### AIM OF THE EXERCISE
Data follows below. Repeat exactly the lines between the line holding "Immunocytochemistry/Immunofluorescence: Guanylate kinase" and the line holding "Gum Disease From Chewing Tobacco", inclusive, and nothing more; drop pictures.

### INFORMATION PROVIDED
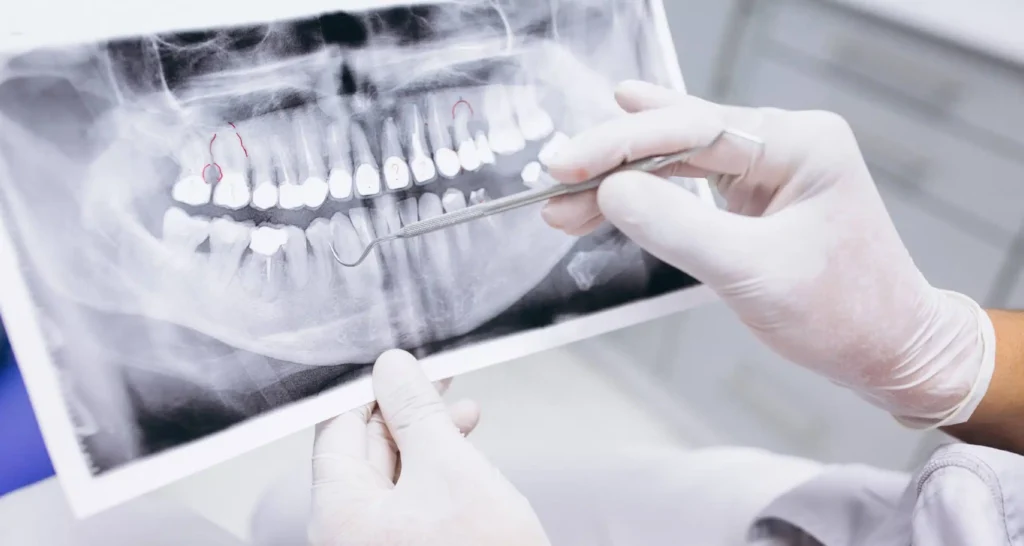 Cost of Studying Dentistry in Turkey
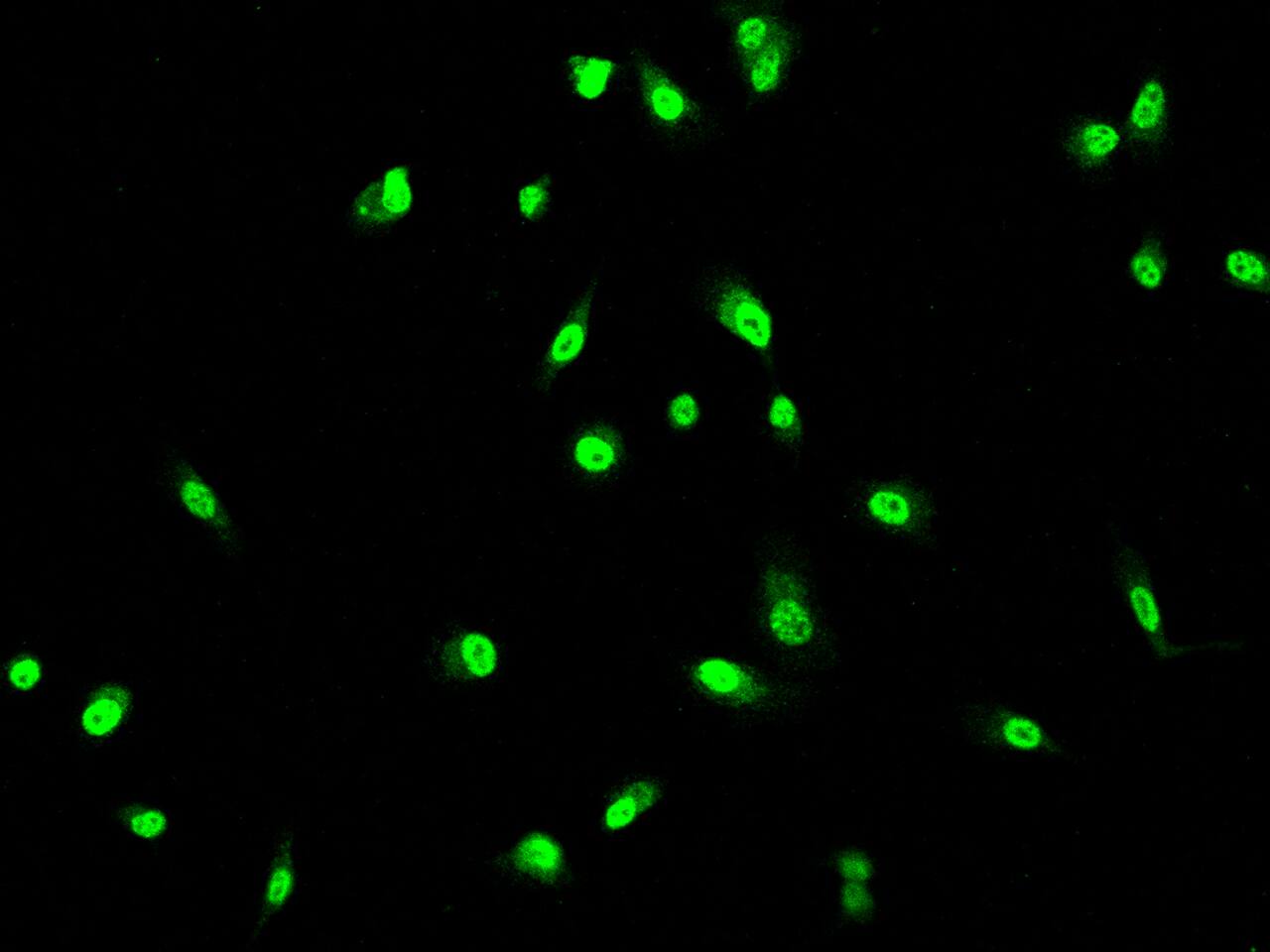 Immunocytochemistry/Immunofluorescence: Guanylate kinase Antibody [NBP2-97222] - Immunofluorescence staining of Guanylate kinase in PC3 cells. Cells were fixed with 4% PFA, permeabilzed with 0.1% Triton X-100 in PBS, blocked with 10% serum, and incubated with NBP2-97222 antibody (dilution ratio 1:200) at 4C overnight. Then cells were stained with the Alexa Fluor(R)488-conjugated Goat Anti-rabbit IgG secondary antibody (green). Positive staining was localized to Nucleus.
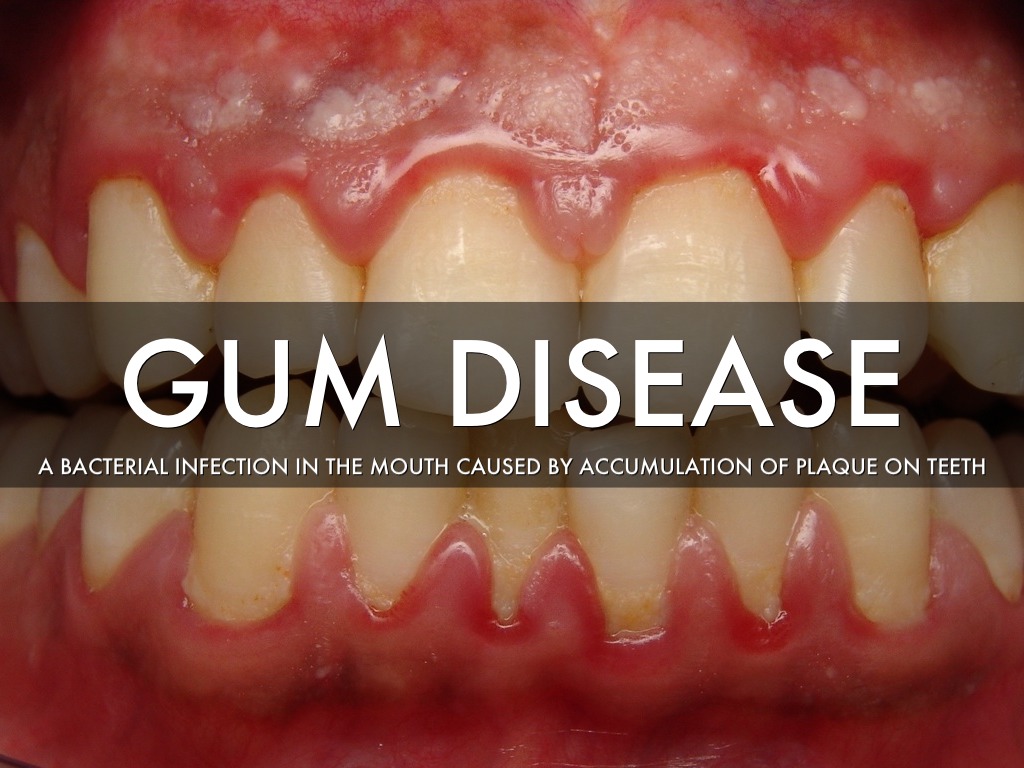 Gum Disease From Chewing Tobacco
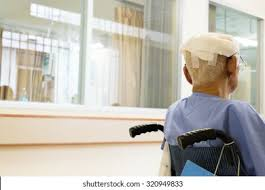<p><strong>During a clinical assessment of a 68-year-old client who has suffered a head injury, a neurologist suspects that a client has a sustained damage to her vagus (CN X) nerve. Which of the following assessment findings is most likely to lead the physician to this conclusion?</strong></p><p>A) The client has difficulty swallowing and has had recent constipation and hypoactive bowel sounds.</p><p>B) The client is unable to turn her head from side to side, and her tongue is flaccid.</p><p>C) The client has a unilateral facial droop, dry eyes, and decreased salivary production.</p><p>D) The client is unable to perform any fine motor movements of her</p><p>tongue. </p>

### COMPLETED EXERCISE
 Immunocytochemistry/Immunofluorescence: Guanylate kinase Antibody [NBP2-97222] - Immunofluorescence staining of Guanylate kinase in PC3 cells. Cells were fixed with 4% PFA, permeabilzed with 0.1% Triton X-100 in PBS, blocked with 10% serum, and incubated with NBP2-97222 antibody (dilution ratio 1:200) at 4C overnight. Then cells were stained with the Alexa Fluor(R)488-conjugated Goat Anti-rabbit IgG secondary antibody (green). Positive staining was localized to Nucleus.
 Gum Disease From Chewing Tobacco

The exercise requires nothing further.